86. Therefore, we deem it necessary to infer the comparative working pattern of the staff of the Madras High Court and Delhi High Court as well,  before recommending the pay pattern of the Delhi High Court to be adopted. In this context, useful reference can be made to the decision of the Honourable Supreme Court in the case of High Court Employees Welfare Association, Calcutta and others vs. State of West Bengal and others, reported in (2004) 1 Supreme Court Cases 334, wherein it was held in Para No.11 as follows:-

“11. The Government will have to bear in mind the special nature of the work done in the High Court which the Chief Justice and his colleagues alone could really appreciate. If the Government does not desire to meet the needs of the High Court, the administration of the High Court will face severe crisis. Hence, a Special Pay Commission consisting of Judges and Administrators shall be constituted by the Chief Justice in consultation with the Government to make a report and on receipt of such report, the Chief Justice and the Government shall thrash out the problem and work out an appropriate formula in regard to pay scales to be fixed for the High Court employee. Let such action be taken within six months from today.”

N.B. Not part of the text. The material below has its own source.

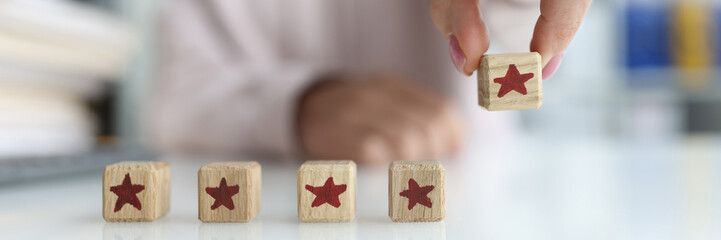 Five stars reviews review and rating concept. Manual installation of blocks in the form of five stars closeup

87. In the light of the above decision, in order to give a quietus to this raging issue, we deem it appropriate to direct that this Judgment shall be placed before the Honourable Chief Justice of this Court for constituting a Committee consisting of (i) Judge(s) of this Court (ii) Secretary or Additional Secretary to the Government of Tamil Nadu, Finance Department and Law Department and any other prominent persons. The Committee shall go into the details with respect to the nature of duties discharged by the staff working in various cadres before the Delhi High Court as well as the Madras High Court before effecting the pay pattern.
 88. Since Article 229 of the Constitution of India contemplates framing of Rules for salaries, allowances, leave or pension, the Honourable Chief Justice of this Court may constitute an empowered committee to frame appropriate Rules for the aforesaid purpose for the future. The above exercise may be completed preferably within a period of four months.
 89. In the result, WP No. 22730 of 2018 stands dismissed as having become infructuous and WP No. 21586 of 2019 is allowed to the extent indicated above. No costs.